Opinion: The Cat Laughs Festival – When Ego Takes The Weekend Off

cat laughs

I'm currently at the Cat Laughs Comedy Festival in Kilkenny, which is now in its 19th year. This year's new sponsor is Sky, but apart from the ubiquitous Sky banners and numerous broadband/TV adverts dotted around the small city not a lot has changed since I first came here over ten years ago.

It's a bank holiday weekend in Ireland and while Kilkenny is bustling and had its fair share of lively stag/hen dos on Saturday night there is still a villagey feel to the place, with countless gigs squeezing into pubs and tiny back rooms as well as the larger Watergate Theatre. Yesterday I went to a venue I'd not been to before, The Hole in the Wall, and initially walked straight past it because it is so small. It is eccentric little dives like this that make The Cat Laughs is wonderfully, wildly unique.

There are plenty of big names here – Dylan Moran, Kevin Bridges, David O'Doherty, Seann Walsh – but in comedy industry terms there is a big difference between Kilkenny and the Edinburgh Fringe Festival. This was summed up for me on the day I arrived. Early last week – while it was still May and as cold as February –  I received an email from a PR handling for some Edinburgh shows asking me if I had worked out my reviews schedule yet as they wanted to get their shows reviewed as quickly as possible. Edinburgh starts in August. Then on Friday about an hour after I had checked into my Kilkenny hotel I received a phone call from the Cat Laughs organisers. "Would you mind not writing any reviews until after the festival has finished?"

The contrast was encapsulated here in a nutshell. Edinburgh is all about pressure, coverage and star ratings. The pressure to have a show ready, the pressure to get noticed and get a big break, the pressure to sell tickets, the pressure to get reviewed. Comedians come to Kilkenny to get away from pressure. There are not many solo shows here, this is a chance for theatre headliners to get back to their clubby roots, do 20 minute sets and hang out at the bar with their friends. They are doing great material and great shows of course, but they are not so bothered about getting great notices from the press.

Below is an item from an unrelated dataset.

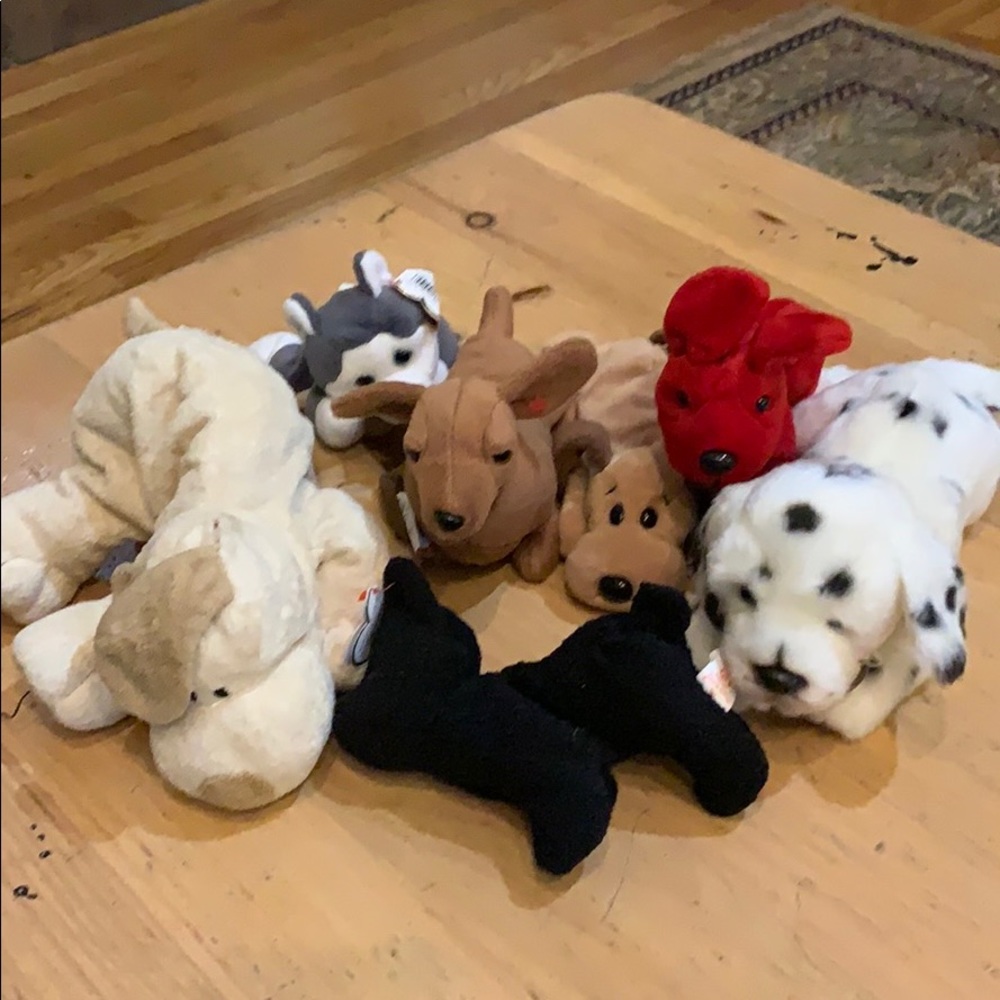 Toy Stuffed dogs some are Ty Beanie Babies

There is no sense of comedians being in competition in Kilkenny. This is showbusines with the business taken out. One thing that always worries me when a festival has a new sponsor is that there might be pressure from the sponsor to launch a prize for the best performer, having seen how well the profile of Perrier and now Foster's has done out of the Edinburgh Comedy Awards. So far Kilkenny has resisted this and I think that's one of the reasons why it is so laid-back. Everyone wants to do the best show they can but nobody has to worry about being judged.

It means that comedians can relax, though some work harder than others. There is a private game I always play with myself when I come to Kilkenny called the "Avoid Dom Irrera Game". The Philly comic with Italian roots is a terrific comedian and storyteller who has become a bit of an institution at the Cat Laughs, but because comedians do lots of gigs over the weekend in different venues and on different bills you can sometimes end up repeatedly bumping into the same comedian if you don't plan your schedule with military precision. Actually I'm thinking of renaming it the "Avoid David O'Doherty Game" as he seems to be the hardest working comedian in Marble City this year.

Anyway, I finally found the Hole in the Wall venue yesterday afternoon and Irrera was there hosting the inaugural Uncle Dom's Fireside Chat, in which he shot the breeze with Judah Friedlander from 30 Rock and Cat Laughs regular Karl Spain. An anecdote came up which highlighted how Kilkenny is the Comedy Festival where egos take a break. Anywhere else comedians might want to headline a gig just to show how big they are. Irrera, however, told an old story about Canadian Mike Wilmot, who was supposed to be closing a gig but asked if he could go on early. "Why?" asked a fellow stand-up. "Because I've got a party to go to," explained Wilmot. There was a brief pause and then the other comedian replied. "We've all got parties to go to."

Anywhere else the gig would be the most important part of the night. It is one of the joys of Kilkenny, the festival where status takes a holiday, that the parties are just as important.